BP Trinidad and Tobago (bpTT) has taken a final investment decision (FID) to develop the offshore Ginger gas field in the southeastern Caribbean, one of 10 new upstream projects the supermajor aims to bring on-stream by 2027.
In addition to greenlighting Ginger, BP also revealed that its Frangipani exploration well east of the Mahogany field gas hub identified multiple stacked gas reservoirs within the same geological structure some 50 miles off Trinidad’s east coast.
Four subsea wells will be drilled at Ginger in water depths of less than 300 ft (91 m) with subsea trees tied back to the existing Mahogany B platform. The subsea project will be bpTT’s fourth, BP noted in a 27 March press statement.

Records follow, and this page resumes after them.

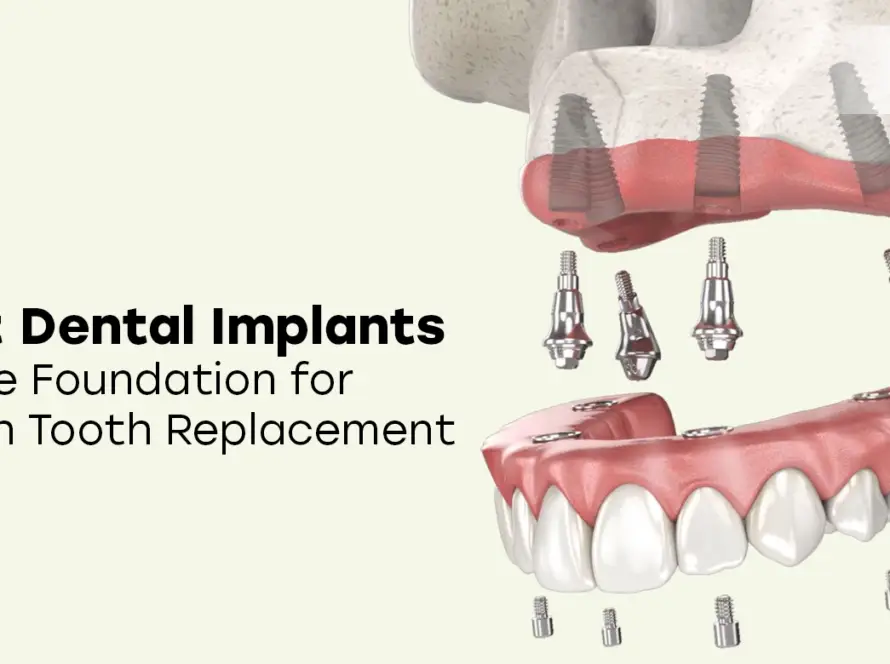 4 Post Dental Implants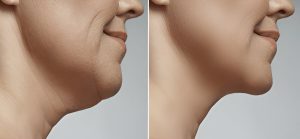 Double Chin Liposuction
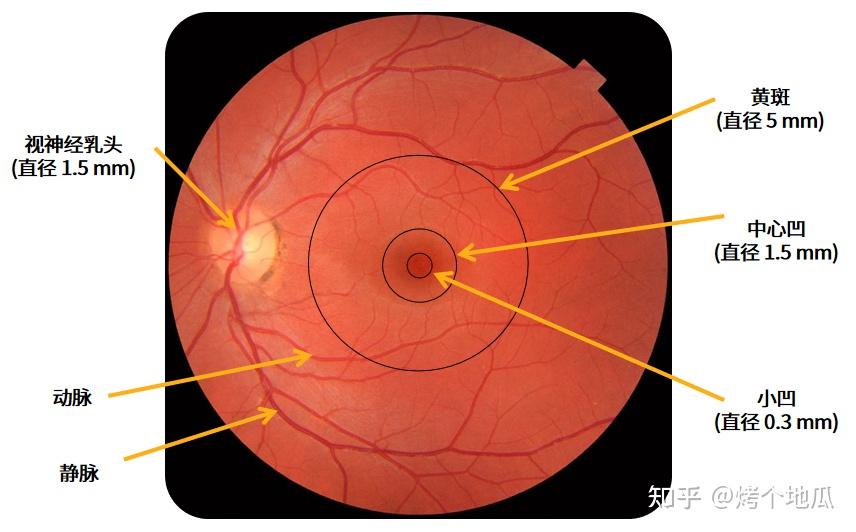 包括视网膜,视盘,黄斑和视网膜中央动静脉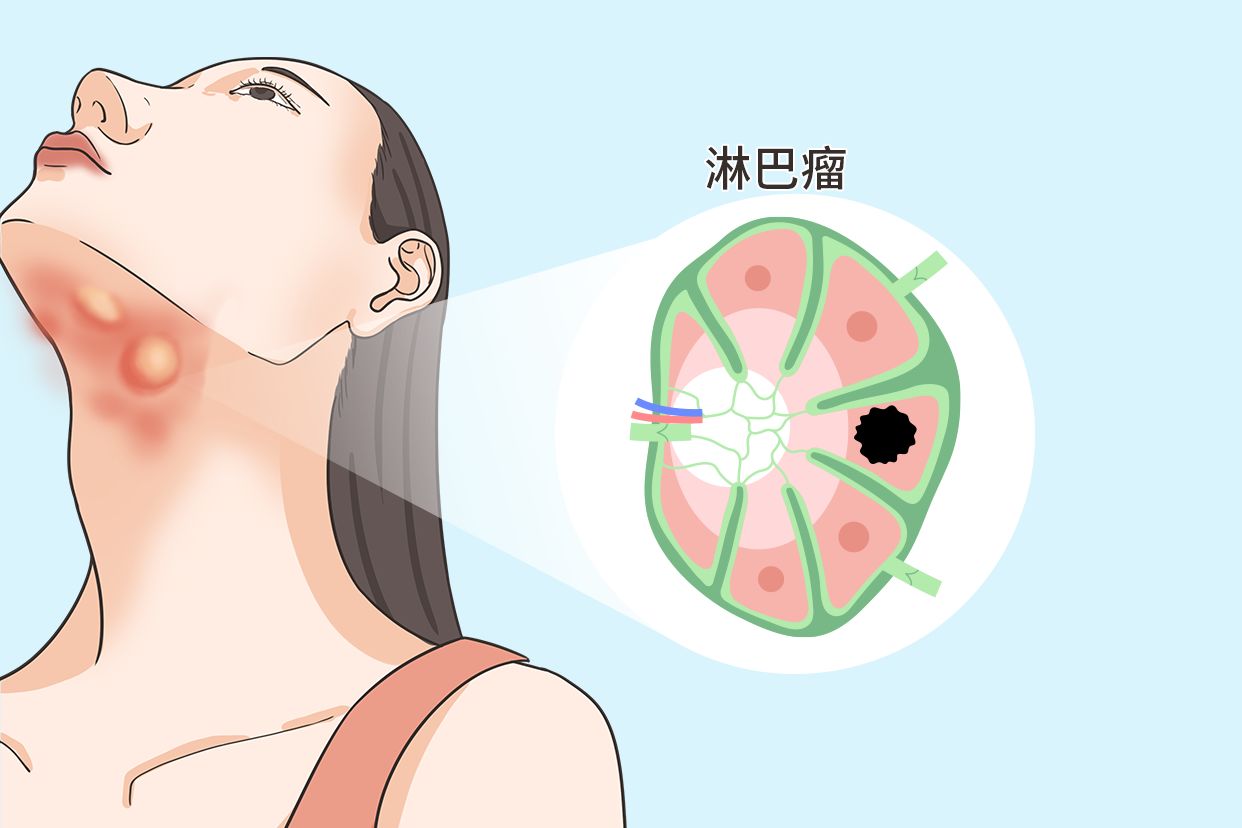 颌下淋巴瘤的图片（颌下淋巴瘤的图片及症状）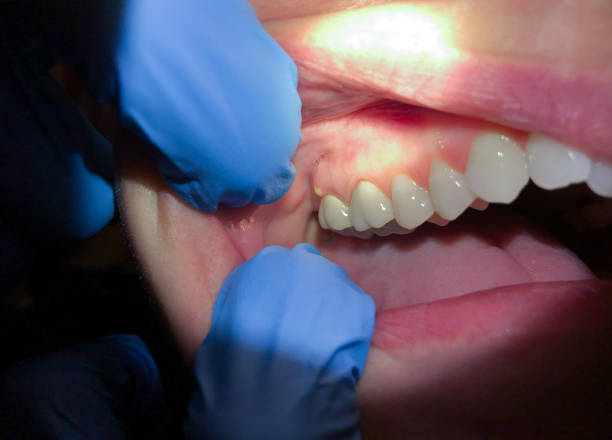 Best Tooth Infection Emergency Dentist  in Cabot, AR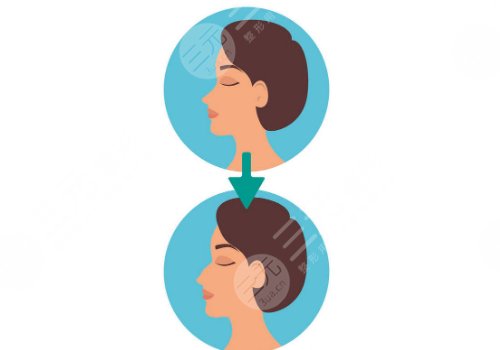 輪廓固定怎么做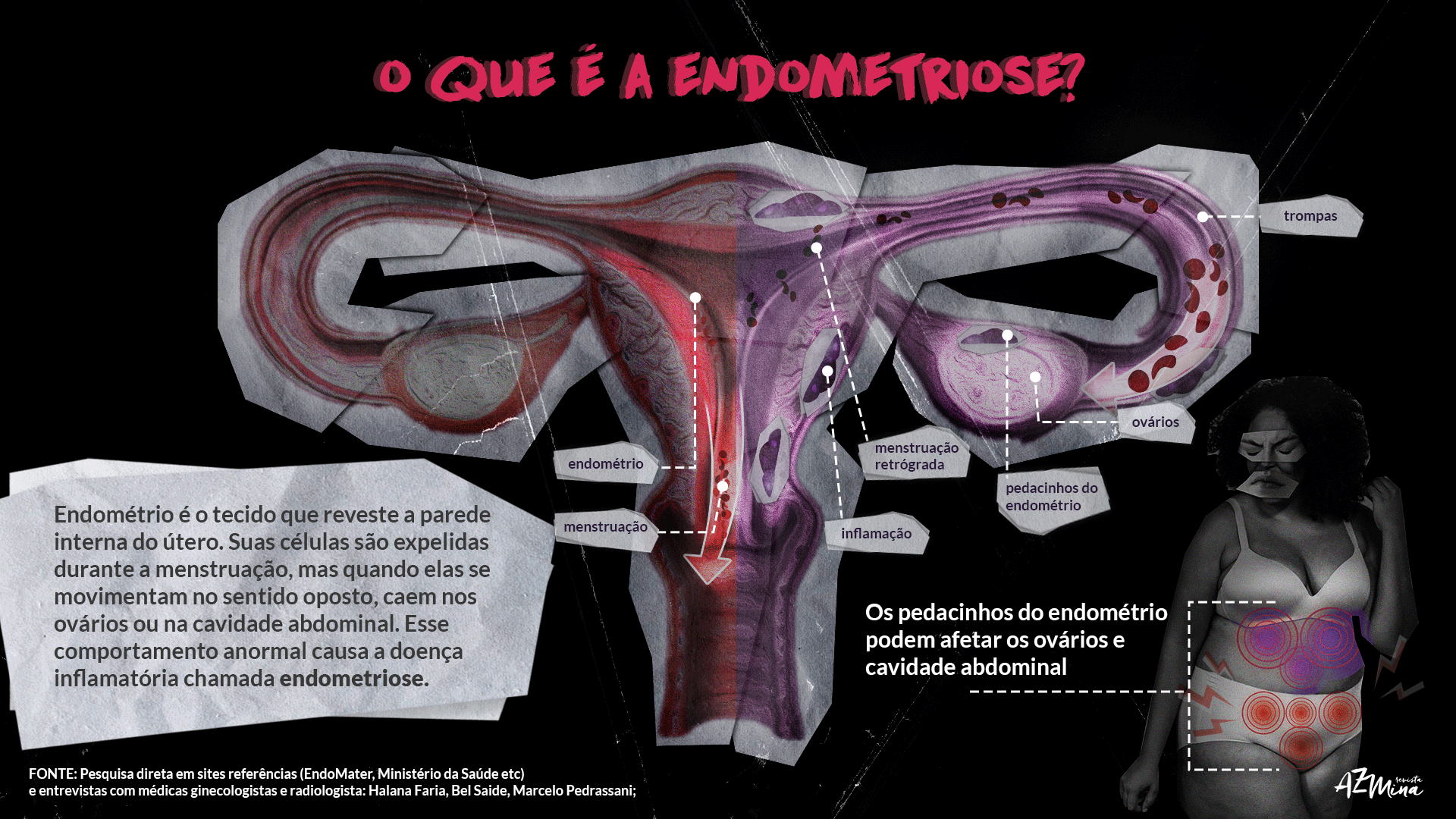 Endometriose e menstruação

A first well was spud in January, and drilling is expected to resume in Q4. At peak, Ginger’s gas production capacity will reach 62,000 BOED, bpTT said.
bpTT President David Campbell said, “… the sanction of Ginger represents our commitment to continuing the development of resources in our existing acreage and to producing the gas that Trinidad and Tobago—and the world—needs.”
“With Frangipani, our objective was to prove that our continued progress in exploration and appraisal activity could unlock new fields and investment opportunities for the region,” he added.
bpTT has a 100% working interest in both the Frangipani and Ginger projects, which align with BP’s expected returns from upstream projects and are fully accommodated within BP’s capital expenditure plans, the supermajor noted in its statement.
Strategy Reset To Boost Oil and Gas Production
In March, BP CEO Murray Auchincloss said BP will raise its upstream oil and gas expenditures to $10 billion per year while it cuts investments in renewables by more than $5 billion a year.
The about-face was a response to shareholders demanding a refocus on higher-margin fossil fuel operations. BP aims to start up 10 new major upstream projects by the end of 2027, and a further 8–10 projects by the end of 2030.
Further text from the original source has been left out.